■ AIM OF THE EXERCISE
Find the line with "Un rotolo di" in the data below. Repeat it and every line after it up to the end, exactly, but drop the pictures.

■ COLLECTED DATA
:::
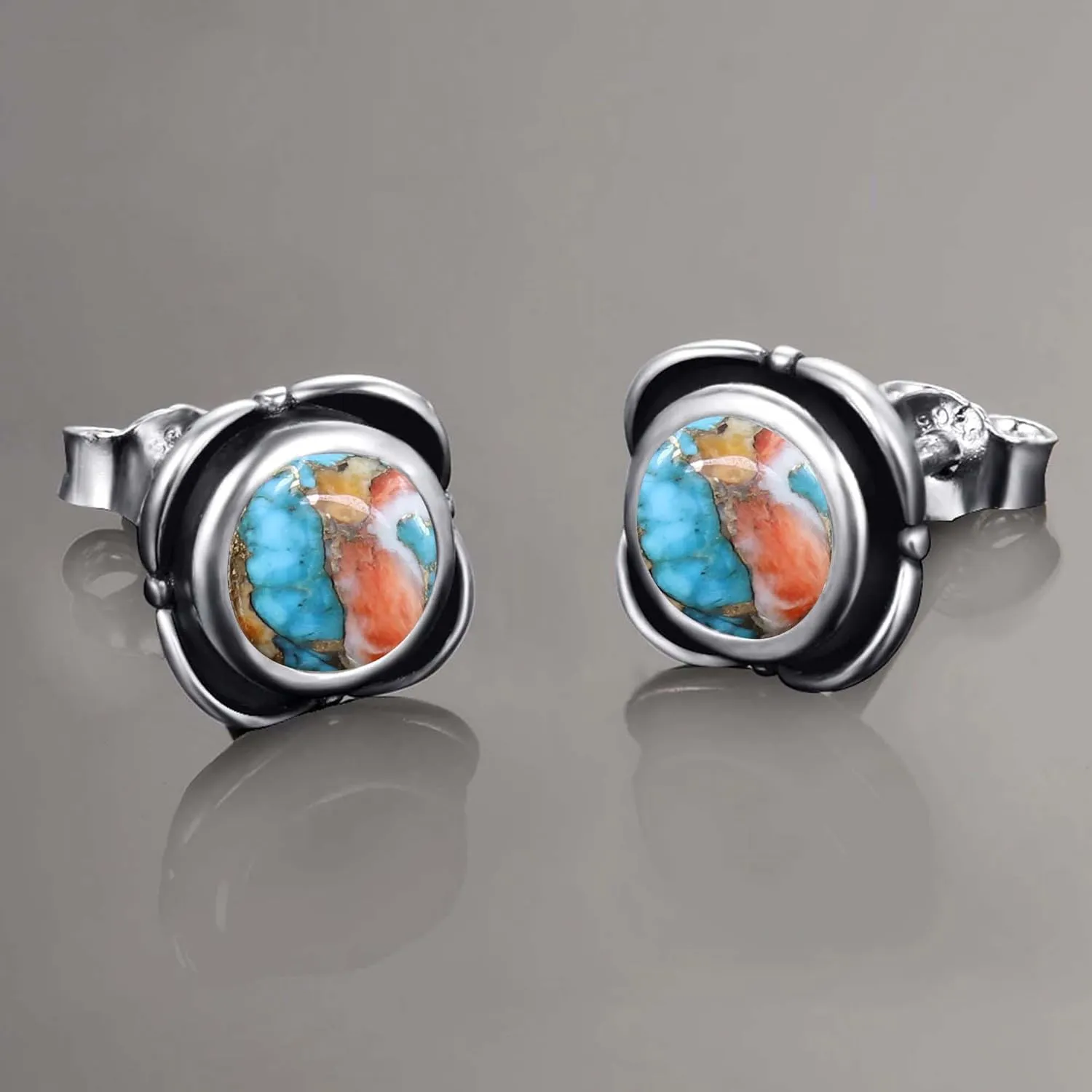 Spiny Oyster Copper Turquoise Gemstone Stud Earring 925 Sterling Silver Handmade Earring Round Shape Minimalist Everyday Earring For Women Gift For Her By NKG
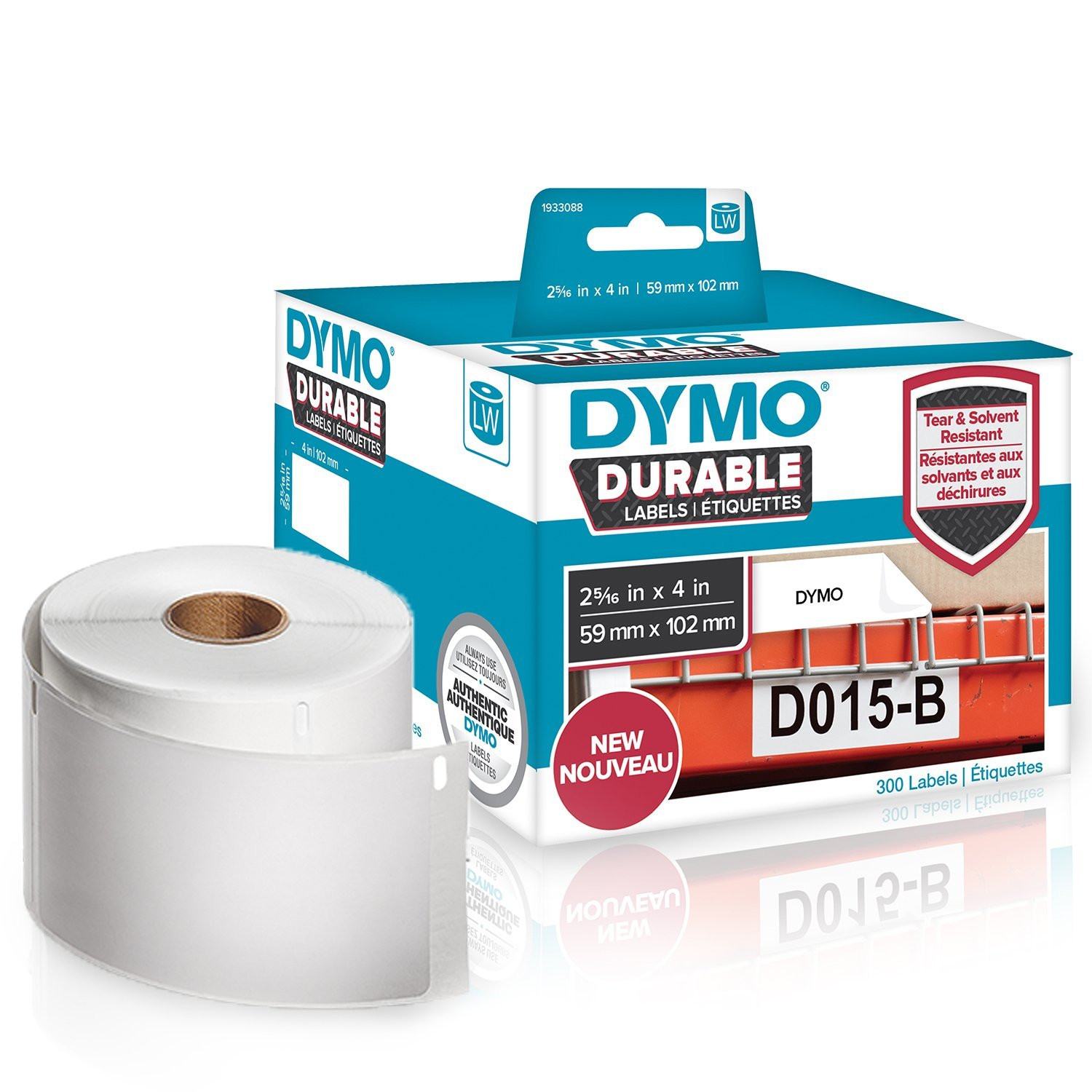Un rotolo di etichette bianche DYMO resistenti e la sua scatola di vendita blu e bianca.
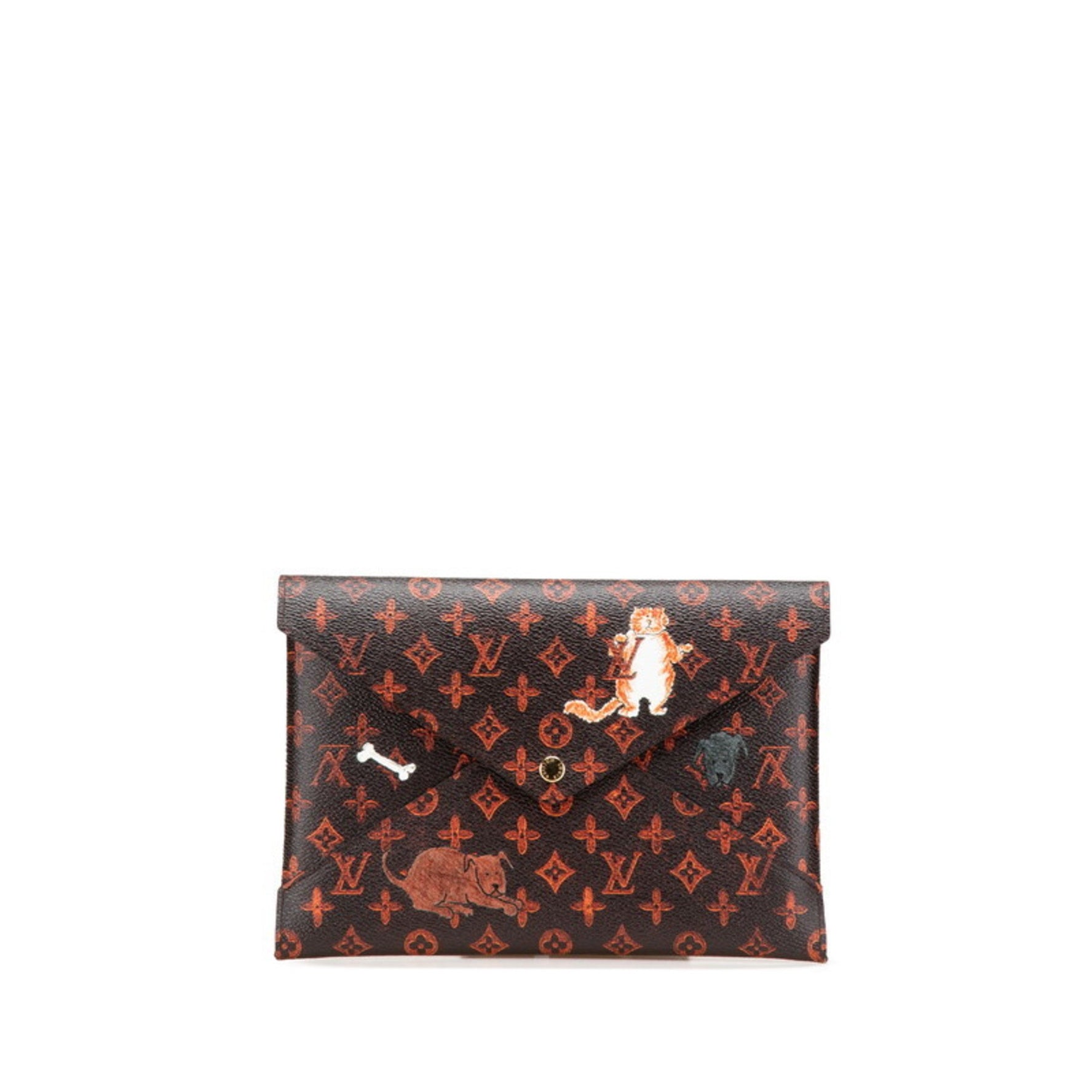 Louis Vuitton Monogram Catgram Pochette, Kirigami Pouch, and Clutch Bag Set in Brown, Black, White Leather.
:::
■ ANSWER TO THIS PROBLEM
Un rotolo di etichette bianche DYMO resistenti e la sua scatola di vendita blu e bianca.
 Louis Vuitton Monogram Catgram Pochette, Kirigami Pouch, and Clutch Bag Set in Brown, Black, White Leather.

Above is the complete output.